### RECORDS FOR THE EXERCISE
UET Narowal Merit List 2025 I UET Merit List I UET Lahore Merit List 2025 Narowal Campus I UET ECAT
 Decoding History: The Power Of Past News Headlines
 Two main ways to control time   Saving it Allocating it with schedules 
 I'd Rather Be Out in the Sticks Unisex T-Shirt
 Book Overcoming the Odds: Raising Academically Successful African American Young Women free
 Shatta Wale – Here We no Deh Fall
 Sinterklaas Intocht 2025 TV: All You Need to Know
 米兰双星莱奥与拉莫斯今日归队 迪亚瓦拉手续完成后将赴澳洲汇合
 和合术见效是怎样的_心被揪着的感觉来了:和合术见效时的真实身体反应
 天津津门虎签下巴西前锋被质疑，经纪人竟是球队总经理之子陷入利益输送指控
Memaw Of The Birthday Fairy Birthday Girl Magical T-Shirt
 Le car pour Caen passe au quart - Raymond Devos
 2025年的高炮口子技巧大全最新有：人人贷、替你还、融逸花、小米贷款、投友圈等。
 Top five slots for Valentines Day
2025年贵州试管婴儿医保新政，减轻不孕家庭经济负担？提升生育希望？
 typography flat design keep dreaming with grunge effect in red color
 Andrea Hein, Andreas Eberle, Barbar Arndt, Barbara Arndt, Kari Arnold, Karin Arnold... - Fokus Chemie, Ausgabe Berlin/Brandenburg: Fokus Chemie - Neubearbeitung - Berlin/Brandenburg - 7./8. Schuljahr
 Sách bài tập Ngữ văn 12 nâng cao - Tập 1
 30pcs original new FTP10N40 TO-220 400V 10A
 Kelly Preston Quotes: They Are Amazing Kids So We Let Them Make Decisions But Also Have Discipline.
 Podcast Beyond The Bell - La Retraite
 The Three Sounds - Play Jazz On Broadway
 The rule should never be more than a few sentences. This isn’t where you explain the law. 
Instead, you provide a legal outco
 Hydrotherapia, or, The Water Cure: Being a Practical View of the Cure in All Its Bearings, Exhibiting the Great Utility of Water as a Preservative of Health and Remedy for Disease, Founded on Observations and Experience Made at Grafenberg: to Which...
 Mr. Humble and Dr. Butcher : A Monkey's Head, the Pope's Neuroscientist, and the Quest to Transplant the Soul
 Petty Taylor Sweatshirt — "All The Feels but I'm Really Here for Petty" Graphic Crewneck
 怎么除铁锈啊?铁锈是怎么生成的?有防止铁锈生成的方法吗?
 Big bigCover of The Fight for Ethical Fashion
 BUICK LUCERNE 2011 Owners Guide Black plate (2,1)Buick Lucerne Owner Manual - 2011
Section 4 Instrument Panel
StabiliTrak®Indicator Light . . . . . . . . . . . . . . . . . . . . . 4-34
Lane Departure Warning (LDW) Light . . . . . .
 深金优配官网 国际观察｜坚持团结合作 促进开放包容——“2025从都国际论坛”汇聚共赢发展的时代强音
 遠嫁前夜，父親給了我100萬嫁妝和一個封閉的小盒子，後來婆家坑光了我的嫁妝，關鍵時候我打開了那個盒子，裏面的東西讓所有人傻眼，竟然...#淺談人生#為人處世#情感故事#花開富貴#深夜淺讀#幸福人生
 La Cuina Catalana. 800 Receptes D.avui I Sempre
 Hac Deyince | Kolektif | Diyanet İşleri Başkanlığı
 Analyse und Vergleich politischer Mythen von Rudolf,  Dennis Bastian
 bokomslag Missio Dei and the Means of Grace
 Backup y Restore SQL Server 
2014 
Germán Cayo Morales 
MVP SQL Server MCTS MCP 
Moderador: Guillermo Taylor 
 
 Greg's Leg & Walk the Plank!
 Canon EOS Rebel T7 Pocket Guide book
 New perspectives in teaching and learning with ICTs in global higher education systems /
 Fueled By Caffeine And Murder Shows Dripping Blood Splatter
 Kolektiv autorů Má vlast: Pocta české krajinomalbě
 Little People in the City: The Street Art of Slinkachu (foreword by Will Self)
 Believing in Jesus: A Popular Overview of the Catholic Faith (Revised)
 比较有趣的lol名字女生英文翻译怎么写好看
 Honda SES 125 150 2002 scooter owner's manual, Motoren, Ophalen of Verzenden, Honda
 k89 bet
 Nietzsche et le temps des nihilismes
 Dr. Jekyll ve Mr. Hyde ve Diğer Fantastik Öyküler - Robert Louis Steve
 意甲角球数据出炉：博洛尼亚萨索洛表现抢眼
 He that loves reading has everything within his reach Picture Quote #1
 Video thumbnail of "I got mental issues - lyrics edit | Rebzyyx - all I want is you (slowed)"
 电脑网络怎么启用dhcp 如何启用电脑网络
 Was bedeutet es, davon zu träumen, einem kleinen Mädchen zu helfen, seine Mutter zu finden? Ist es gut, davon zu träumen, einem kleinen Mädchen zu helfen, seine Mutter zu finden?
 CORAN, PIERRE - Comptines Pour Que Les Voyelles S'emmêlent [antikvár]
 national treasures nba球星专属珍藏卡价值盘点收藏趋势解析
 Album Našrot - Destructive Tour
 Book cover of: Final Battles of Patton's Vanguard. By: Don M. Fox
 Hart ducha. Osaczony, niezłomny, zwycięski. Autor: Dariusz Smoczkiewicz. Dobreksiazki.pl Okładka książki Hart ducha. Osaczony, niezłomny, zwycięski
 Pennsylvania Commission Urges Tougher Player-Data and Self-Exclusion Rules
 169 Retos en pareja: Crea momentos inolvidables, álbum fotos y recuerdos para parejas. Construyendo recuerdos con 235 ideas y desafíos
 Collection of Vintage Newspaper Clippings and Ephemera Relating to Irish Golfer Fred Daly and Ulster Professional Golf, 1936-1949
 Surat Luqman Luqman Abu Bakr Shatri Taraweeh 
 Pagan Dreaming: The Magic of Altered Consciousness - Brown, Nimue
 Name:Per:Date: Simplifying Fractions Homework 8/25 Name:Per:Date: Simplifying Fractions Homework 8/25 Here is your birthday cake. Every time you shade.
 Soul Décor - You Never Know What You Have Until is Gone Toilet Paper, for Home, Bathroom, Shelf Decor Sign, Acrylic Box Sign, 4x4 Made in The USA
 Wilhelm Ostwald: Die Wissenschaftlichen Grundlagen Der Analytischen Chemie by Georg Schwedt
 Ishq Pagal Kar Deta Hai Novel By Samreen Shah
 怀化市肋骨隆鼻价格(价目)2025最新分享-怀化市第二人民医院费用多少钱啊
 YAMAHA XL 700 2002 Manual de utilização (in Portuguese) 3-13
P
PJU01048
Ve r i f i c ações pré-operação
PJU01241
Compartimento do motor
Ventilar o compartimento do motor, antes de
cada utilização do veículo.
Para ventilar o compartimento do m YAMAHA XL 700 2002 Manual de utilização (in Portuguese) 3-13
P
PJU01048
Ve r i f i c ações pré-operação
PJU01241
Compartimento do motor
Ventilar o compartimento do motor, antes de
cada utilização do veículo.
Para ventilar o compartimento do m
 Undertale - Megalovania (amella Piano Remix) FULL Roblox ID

### ASSIGNMENT
Only a number belongs in the answer: state how many lines of the entries above hold "Portuguese".

### RESPONSE TO THE EXERCISE
2